Is the gap between the UAE and other countries in this respect decreasing or is it still widening?
That is a good question. In my view, the gap is decreasing at this point in time and not because the UAE is losing speed but because other geographies are picking up. Qatar is doing a lot to make the country a more attractive place for key talent. We see the same thing happening in Saudi Arabia but there the flavor is more about ensuring that the much larger pool of local talent is trained in the right way.
BCG states a case for integrating sourcing management and holistic people sourcing. What do you mean by that?
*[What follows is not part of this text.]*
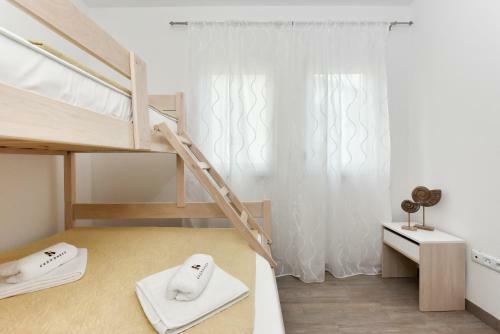 Apartamentos Crowonder Luxury Vir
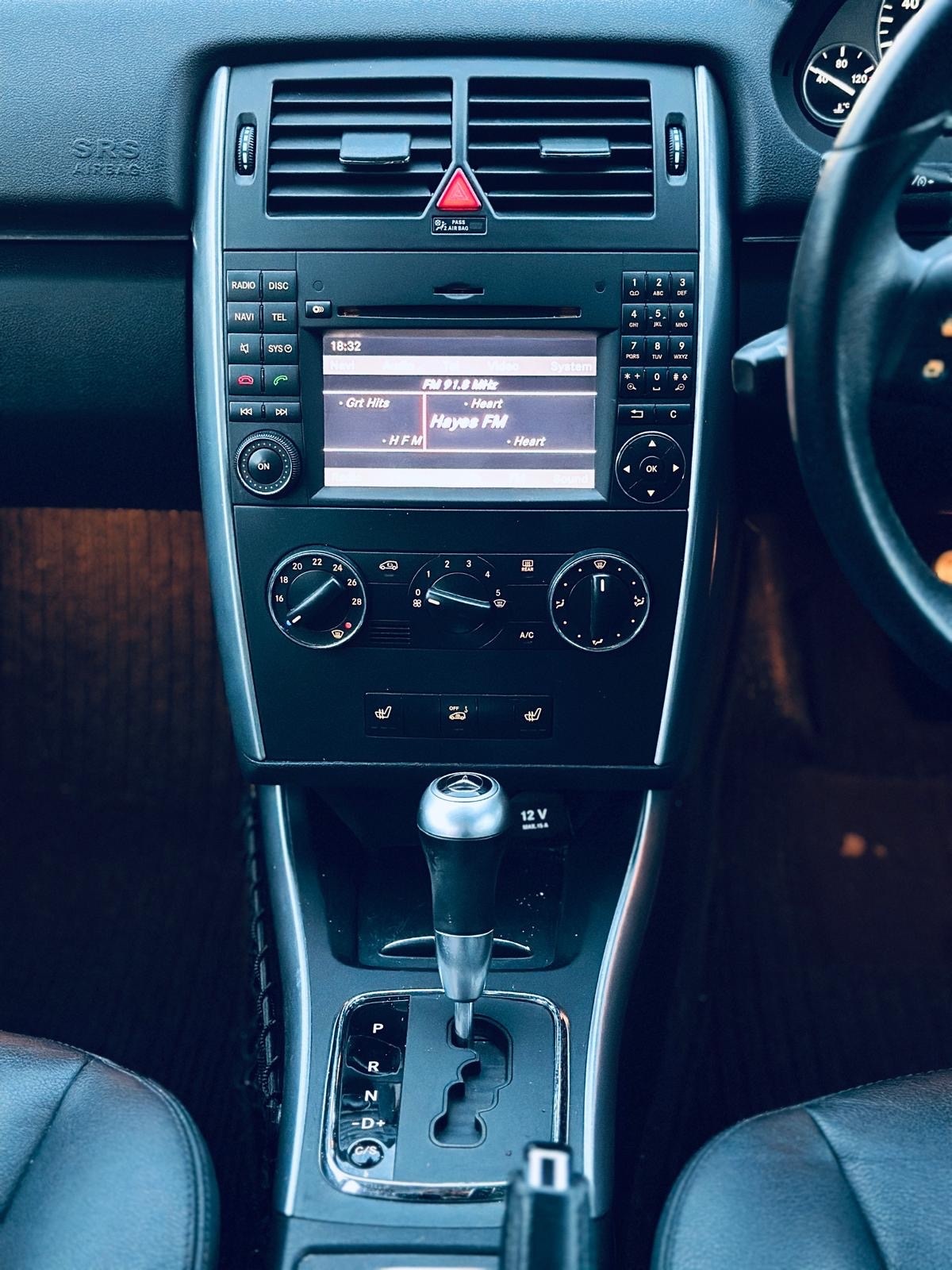 Used Mercedes-Benz B Class 2010 for sale - 76355717: Photo 13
What we mean by that is the stronger linkage between the HR department and the business department. What we have seen in the past was that HR and business departments each moved in their own spheres, and very often HR departments recruited or identified talents which were not in line with the needs on the business side.
In the new world we have HR heads that are deeply embedded within the management team, dealing with internal and external business units in defining the right recruitment profiles and working hand in hand with the business managers on bringing the right talents on board.
How large or advanced is the awareness of HR importance in the GCC? Is it adequate to the needs or still behind the curve?
The awareness is awakening right now. It is not yet at the point where it should be, but the awareness is rising that the people side is the key differentiator between success and failure.
What value, if any, do you see in exercises of ranking companies for being great workplaces in the UAE or GCC?
I think these rankings are going to gain in importance and there are many reasons for this. Increasingly, young management talents are looking for more than financial remuneration when it comes to choosing a workplace. There are a lot of questions about work-life balance and personal development. A second element is that these rankings are also going to be a driver of workforce retention.
The ratio of women in top HR positions worldwide seems high when compared with other female executive and board roles. Is HR in this region a domain where women can become leaders more than in other areas?
That is another good question. We have noticed that, as in many other parts of the world, women in the Middle East have a stronger interest in pursuing a career in HR departments than in other divisions. There is a natural inclination for females to work in HR. On the other hand there is also the notion among the male part of the management teams that females may have an overall better capabilities spectrum for HR jobs than males. It is quite interesting for the Middle East that the female share in the overall workforce is still below the level that it should be and the more we have HR departments which understand the capabilities of female applicants for upper managerial positions, the more I think they will have a chance in being successful in corporations as well.